先日、神奈川県内を走行中の電車内で、男が隣に座っていた女性の全身を着衣の上から小型カメラで動画撮影したとして、神奈川県迷惑行為防止条例違反(卑わい行為の禁止)の疑いで逮捕されたとの報道がありました。報道によれば、撮影された動画には女性の下着は映っていなかったようです。

神奈川県迷惑行為防止条例第3条は、次のとおり、規定しています。

(卑わい行為の禁止)
■第3条 何人も、公共の場所にいる人又は公共の乗物に乗っている人に対し、人を著しく羞恥させ、又は人に不安を覚えさせるような方法で、次に掲げる行為をしてはならない。
(1) (略)
(2) 人の下着若しくは身体(これらのうち衣服等で覆われている部分に限る。以下「下着等」という)を見、又は人の下着等を見、若しくはその映像を記録する目的で写真機その他これに類する機器(以下「写真機等」という)を設置し、若しくは人に向けること。
(3) 前各号に掲げるもののほか、卑わいな言動をすること。

これによれば、下着を撮影しなくても、衣服等で覆われている体を見る、それを映像に記録する目的で小型カメラを人に向けて撮影すると、第3条(2)もしくは同(3)に該当する可能性があります。そして、その方法が、同条柱書にいう「人を著しく羞恥させる」か「人に不安を覚えさせる」ものであれば、同条に違反し、1年以下の懲役または100万円以下の罰金が科せられます。

最高裁は着衣の上からでも条例違反との見解

適用された迷惑行為防止条例の内容は若干異なりますが、ショッピングセンター内で前を歩く女性の背後から、カメラ付き携帯電話を向け、ズボンを着用した臀部を撮影したという事案の裁判が行われました。最高裁は被害者が撮影行為に気づいておらず、ズボンの上から撮影されたものであったとしても、「社会通念上、性的道義観念に反する下品でみだらな動作であることは明らか」で、また、被害者が撮影行為を知れば「被害者を著しく羞恥させ、被害者に不安を覚えさせる」行為であるとしました。

この最高裁の判断からすると、電車内などで隣の女性を撮影する行為は、仮にその女性が気付いておらず、また下着が映っていなかったとしても、「人を著しく羞恥させ、又は人に不安を覚えさせる」方法であると考えられます。ちなみに、この最高裁の事案は、前述の神奈川県の条例でいえば、第3条(3)に相当する条項の該当性が争点になったものです。しかし、現在ではほとんどの都道府県の条例でこの第3条(3)に相当する条項が規定されています。

カメラを向けただけでは現行犯逮捕の要件を満たさない

神奈川県の事案では、文言上、実際に撮影したかどうかを問わず、カメラを向けただけで同項違反になるような規定となっています。しかし、カメラを向けただけで、何も撮影していない段階では、果たして「人の下着等を見、若しくはその映像を記録する目的」があったか疑問が残ります。

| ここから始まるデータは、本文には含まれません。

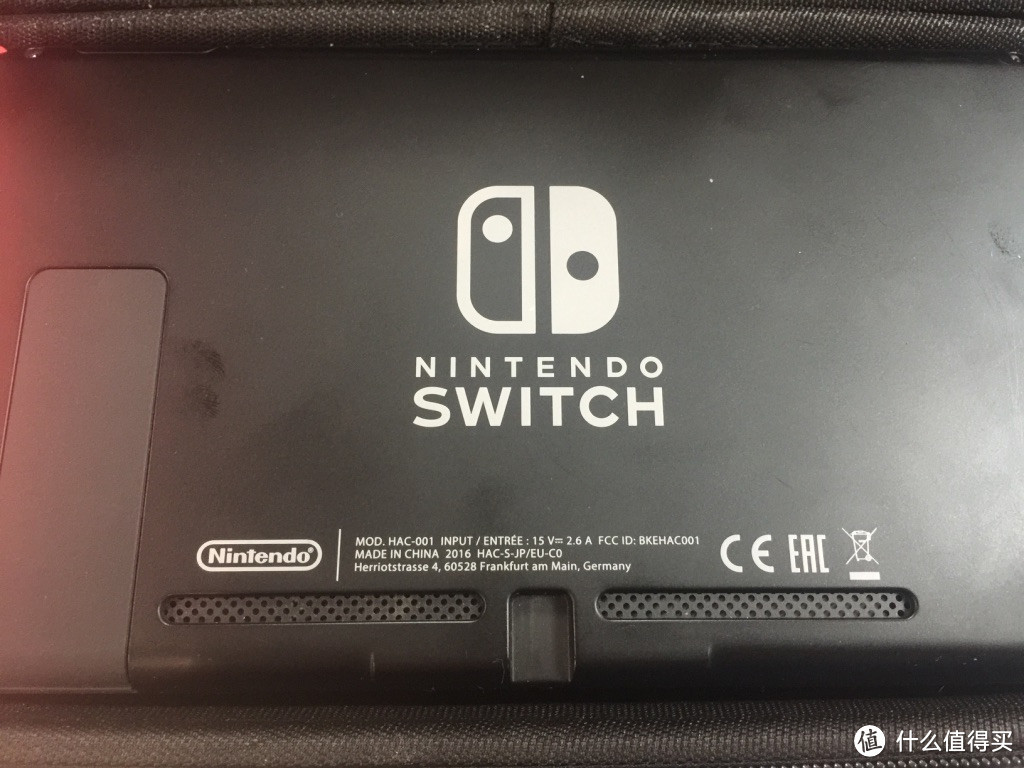 Switch 背部电气标准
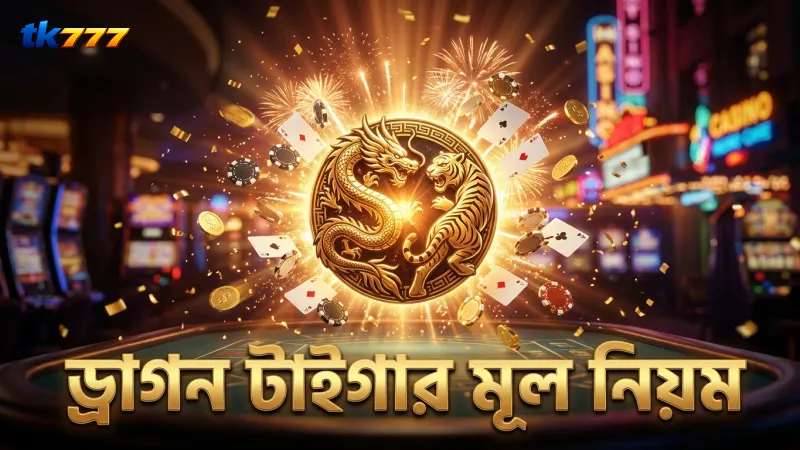 ড্রাগন টাইগার মূল নিয়ম ও বাজি সীমার স্পষ্ট ব্যাখ্যা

例えば、電車内である男性が、対面の車窓に映る景色を撮影するためにカメラを向けた方向に、女性がいたとします。その場合、女性を撮影しようとしてカメラを向けた場合と比べても、客観的な態様に明白な違いはないはずです。それを立証するには、撮影者と被撮影者の属性、周囲の状況などに加え、撮影された映像がどのようなものかが重要となります。

したがって、カメラ等を向けただけで何も撮影していない段階では、撮影者が「現に罪を行い、又は現に罪を行い終わった者」に該当するかは必ずしも明白とは言えず、現行犯逮捕の要件は満たさないと考えられます。そして、映像が撮影されていたとしても、その映像内容によっては、やはり現行犯逮捕の要件は満たさないというべきでしょう。